Uber’s Self Driving Car Crashes; Company Suspends Program In Arizona

Uber’s ambitious self-driving program has hit a bit of a speed bump.

One of the company’s self driving cars crashed in somewhat spectacular fashion in Tempe, Arizona. The car was photographed lying on its side by onlookers.

There are no details yet on how the incident took place, but Uber said that no serious injuries were reported. “We are continuing to look into this incident and can confirm we had no backseat passengers in the vehicle,” Uber said. Uber’s self driving cars usually have a driver who can take over from the self-driving mechanism if needed.

Following the incident, Uber has temporarily suspended its self driving program in Arizona. Uber had a fledging self driving program in the state, carrying as many as 150 weekly passengers on its self driving vehicles.

There have been concerns that Uber’s self-driving program hasn’t been progressing at the pace that the company had hoped. Documents obtained  by Recode had shown that Uber’s self-driving cars needed manual intervention every 0.8 miles by their human driver; this number hasn’t improved since the beginning of February. Also, the cars need a “critical intervention” every 196 miles of driving, meaning that the car would’ve hit pedestrians or caused material property damage.

And accidents aren’t the only problems plaguing Uber’s self-driving dreams – just last month, Google has sued it for allegedly stealing secrets from its own self-driving program. Google alleges that Anthony Levandowski, a former Google engineer who’d left to start truck driving startup Otto which was quickly acquired by Uber, had illegally downloaded confidential data before he left.
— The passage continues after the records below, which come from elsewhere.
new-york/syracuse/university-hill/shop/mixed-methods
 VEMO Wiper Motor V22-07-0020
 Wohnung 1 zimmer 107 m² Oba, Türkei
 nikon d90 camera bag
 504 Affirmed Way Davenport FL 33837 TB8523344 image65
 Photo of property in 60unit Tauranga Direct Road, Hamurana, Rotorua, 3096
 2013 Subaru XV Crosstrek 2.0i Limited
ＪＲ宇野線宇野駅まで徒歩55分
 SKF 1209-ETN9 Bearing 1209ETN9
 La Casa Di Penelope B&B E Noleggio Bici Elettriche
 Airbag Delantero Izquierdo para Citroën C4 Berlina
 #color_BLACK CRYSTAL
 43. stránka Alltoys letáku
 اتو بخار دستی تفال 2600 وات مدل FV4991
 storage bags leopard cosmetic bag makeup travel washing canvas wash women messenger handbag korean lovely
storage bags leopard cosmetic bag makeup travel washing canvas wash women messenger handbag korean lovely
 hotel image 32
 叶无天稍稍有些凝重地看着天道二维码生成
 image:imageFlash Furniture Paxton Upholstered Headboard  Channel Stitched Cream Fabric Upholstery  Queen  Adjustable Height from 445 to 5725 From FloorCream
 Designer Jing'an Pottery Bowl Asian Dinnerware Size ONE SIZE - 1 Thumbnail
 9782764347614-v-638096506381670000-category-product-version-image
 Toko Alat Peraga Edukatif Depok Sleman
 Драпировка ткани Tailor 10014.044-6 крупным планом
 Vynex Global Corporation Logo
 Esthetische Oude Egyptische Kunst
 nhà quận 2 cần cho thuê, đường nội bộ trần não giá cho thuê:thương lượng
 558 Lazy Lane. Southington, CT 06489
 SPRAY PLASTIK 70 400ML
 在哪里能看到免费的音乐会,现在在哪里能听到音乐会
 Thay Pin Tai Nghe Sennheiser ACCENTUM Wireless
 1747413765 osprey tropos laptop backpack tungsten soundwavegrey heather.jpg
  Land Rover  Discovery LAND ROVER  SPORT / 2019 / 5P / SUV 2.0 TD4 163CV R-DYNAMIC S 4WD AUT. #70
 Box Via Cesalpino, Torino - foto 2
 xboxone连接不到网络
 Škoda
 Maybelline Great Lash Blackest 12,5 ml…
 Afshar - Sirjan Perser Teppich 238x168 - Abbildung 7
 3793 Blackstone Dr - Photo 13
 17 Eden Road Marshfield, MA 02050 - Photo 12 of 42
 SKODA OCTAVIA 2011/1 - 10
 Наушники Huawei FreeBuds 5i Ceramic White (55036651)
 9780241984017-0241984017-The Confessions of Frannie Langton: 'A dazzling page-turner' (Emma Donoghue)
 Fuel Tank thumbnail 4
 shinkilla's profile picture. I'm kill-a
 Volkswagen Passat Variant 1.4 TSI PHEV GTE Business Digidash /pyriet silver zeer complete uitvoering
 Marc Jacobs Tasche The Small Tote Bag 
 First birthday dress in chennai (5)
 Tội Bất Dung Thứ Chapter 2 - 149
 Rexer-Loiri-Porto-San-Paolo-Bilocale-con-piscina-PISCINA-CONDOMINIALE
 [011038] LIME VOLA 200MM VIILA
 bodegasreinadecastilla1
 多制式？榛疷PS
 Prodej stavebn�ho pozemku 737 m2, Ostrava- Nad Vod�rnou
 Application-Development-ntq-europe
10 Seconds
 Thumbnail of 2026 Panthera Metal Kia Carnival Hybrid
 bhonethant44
This data was later supposedly used to help give Uber’s self driving program a fillip by using technologies that Google had spent years developing.

The latest accident is yet another addition to the list of unsavory incidents that have plagued Uber in 2017. This year, Uber’s had to fight off a spate of sexual harassment charges from its employees, deal with a series of driver strikes across the world, then deal with a #DeleteUber campaign which protested against the company breaking a strike, and had its CEO caught on camera get into an altercation with one of its driver partners. The world’s most valuable startup has had a nightmarish start to 2017; it’ll need every bit of its famed tenacity to bring itself back on track.